In the web of words
IT WAS an evening of erudition, where the word came up trumps. Though the occasion was the release of two books by Stellar, an imprint of Om Books International, it was chief guest Kapila Vatsyayan's scholarly bytes that set the tone. Tracing the relationship between the oral and written word, Kapila called them complementary to each other.
"We have a history from shruti to smriti to manuscripts, to the printed text, but the appearance of one has not been at the cost of the other". She appealed to the publishing industry to publish the huge corpus of manuscripts waiting to see the light of the day. Rejecting the notion that visual images would take over the word, noted filmmaker Muzaffar Ali remarked that before creating visual images, the words have to be taken to the heart. "When I was making Umrao Jaan, I asked somebody to record the words on a tape recorder.
I listened to it over and over again until the words evolved into images in my heart." Ali lamented that the English language has limited our stimulation process. "English is not our cultural experience, it is just our educational and intellectual experience."However, the stimulus of words was quickly allowed to be slipped into wine, as the publisher seemed unsure of what he wanted - a page 3 stupor or a scholarly expositio
As for the wordsmiths of the evening, Dhruva Chak and Anjan Ray, both have dared to look beyond their educational experience into a new world.
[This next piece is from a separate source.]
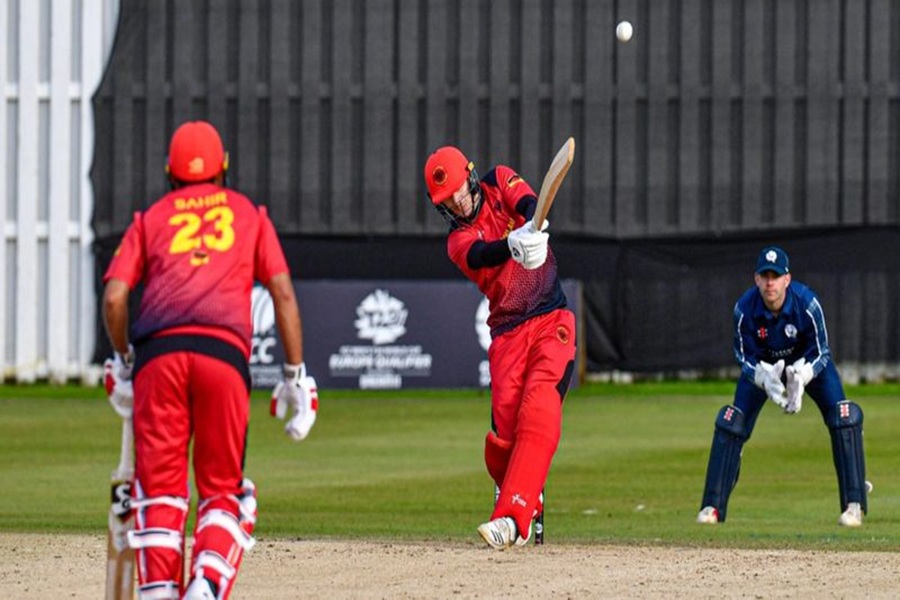 Intense cricket action: batsman in red swings against navy blue wicketkeeper in ECS Croatia T10.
Dhruva, an alumnus of La Martinere College, Lucknow and the Indian Institute of Management, Ahmedabad, has penned a semi-autobiographical account in "Chatterjee Babu His Life and Lies". Of the novel, which has been called a scintillating parody, Dhruva said, "The book works at two levels. One is a semi-autobiographical account capturing snapshots of the five cities where I have studied and worked in the last three decades. The second is a fictional account coming out of my experience working in the corporate sector in Kolkata, detailing how babudom has impeded the growth of the corporate sector in the city."
The man who has headed GATI, one of India's premier cargo companies, assures that though Chatterjee Babu is a fictional character, he exists among us.
Through "Looking Beyond", Anjan Ray, a product of the Indian Institute of Technology, New Delhi, and holder of a doctorate in Polymer Chemistry from the University of Pennsylvania, is peeping into the spooky corners around us, bonding tales out of supernatural experiences. "We say that ghosts and spirits do not exist, but do ghosts really know this?"